SUPPLIED DATA:
--

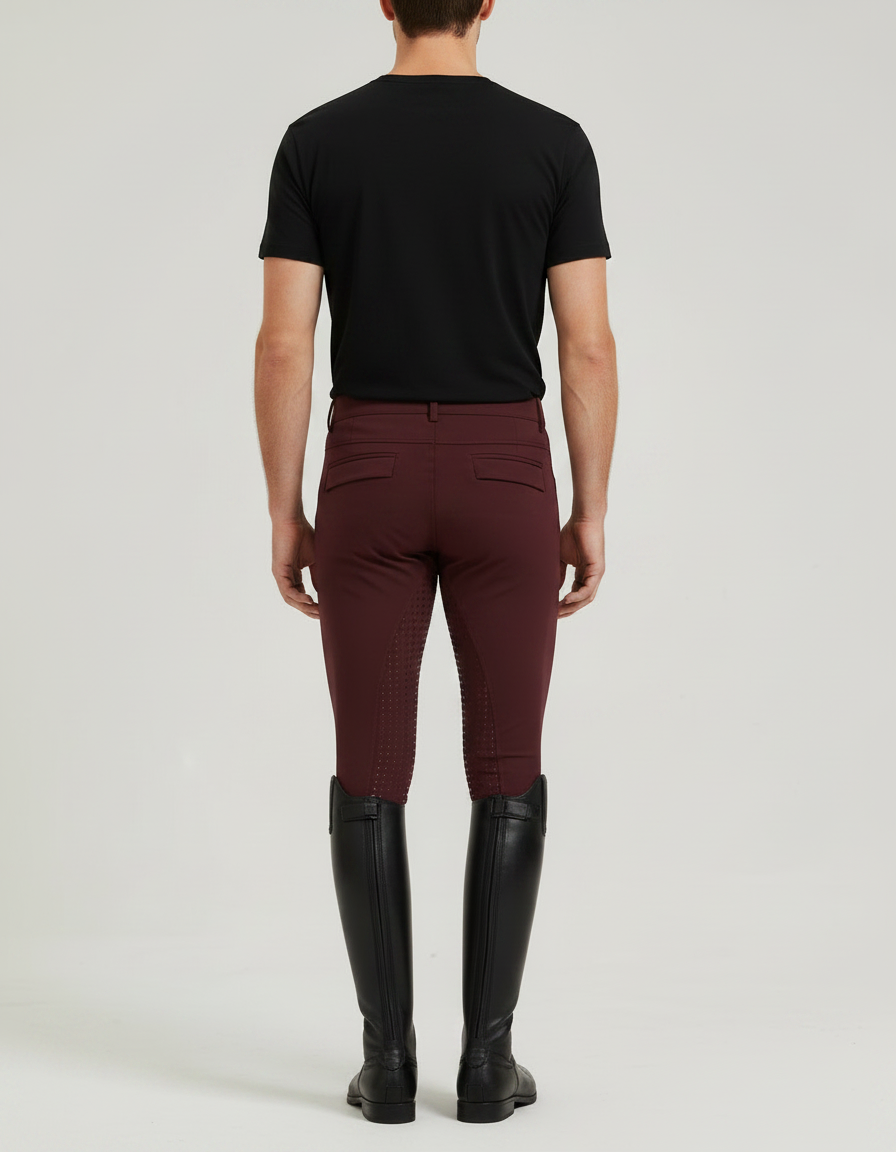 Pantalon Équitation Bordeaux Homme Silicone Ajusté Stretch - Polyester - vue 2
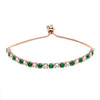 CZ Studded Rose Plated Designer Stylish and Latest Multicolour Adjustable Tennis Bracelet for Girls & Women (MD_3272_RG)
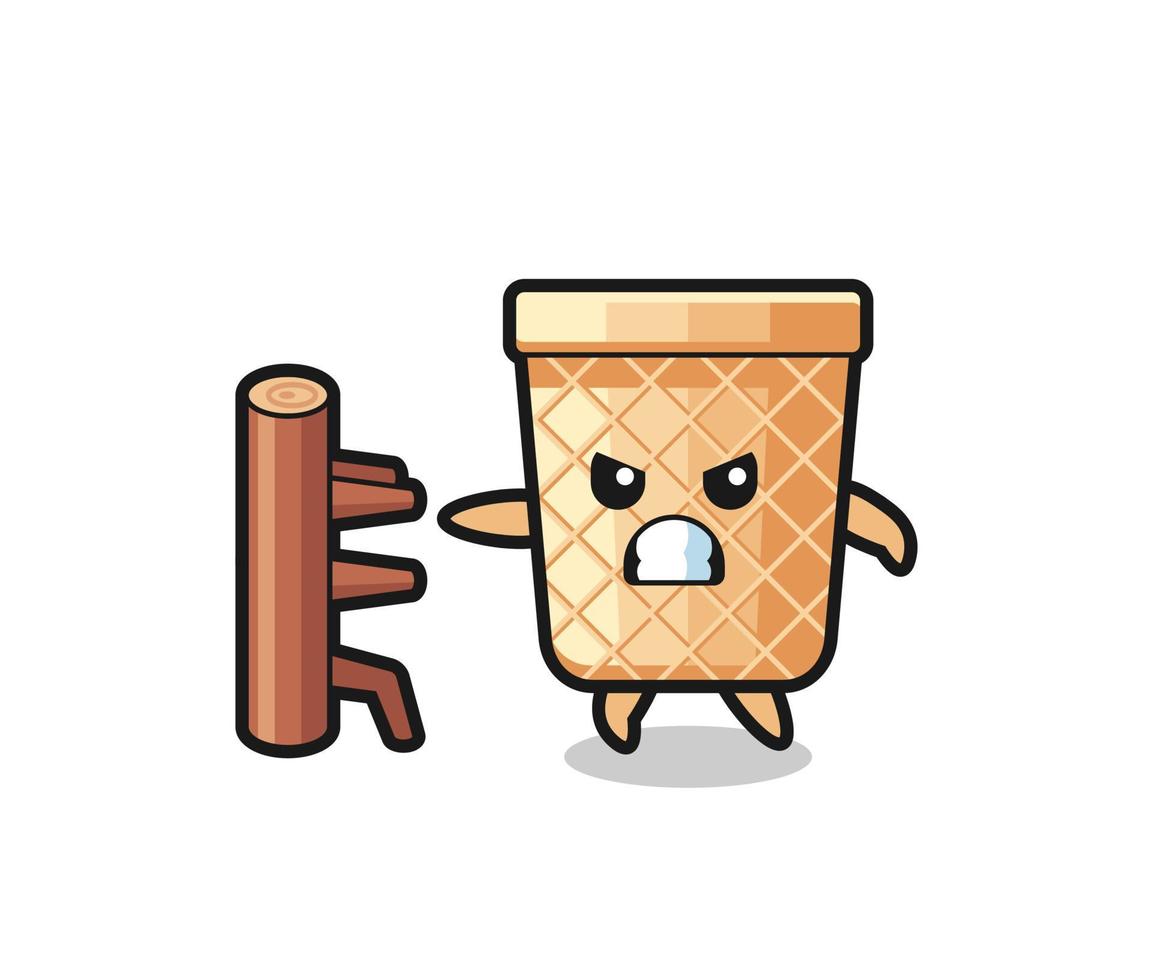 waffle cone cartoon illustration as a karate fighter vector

--

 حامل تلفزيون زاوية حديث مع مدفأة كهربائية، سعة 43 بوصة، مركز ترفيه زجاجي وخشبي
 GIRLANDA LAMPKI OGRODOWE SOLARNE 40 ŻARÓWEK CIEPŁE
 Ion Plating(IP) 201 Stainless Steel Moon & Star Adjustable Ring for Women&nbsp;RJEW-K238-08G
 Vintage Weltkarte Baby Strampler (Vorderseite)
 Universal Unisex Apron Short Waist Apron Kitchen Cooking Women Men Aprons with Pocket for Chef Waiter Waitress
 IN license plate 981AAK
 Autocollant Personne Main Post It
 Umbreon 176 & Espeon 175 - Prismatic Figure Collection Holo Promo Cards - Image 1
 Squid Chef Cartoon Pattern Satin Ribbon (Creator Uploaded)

--

Return every line of the entries above that the string "Chef" appears in.

 Universal Unisex Apron Short Waist Apron Kitchen Cooking Women Men Aprons with Pocket for Chef Waiter Waitress
 Squid Chef Cartoon Pattern Satin Ribbon (Creator Uploaded)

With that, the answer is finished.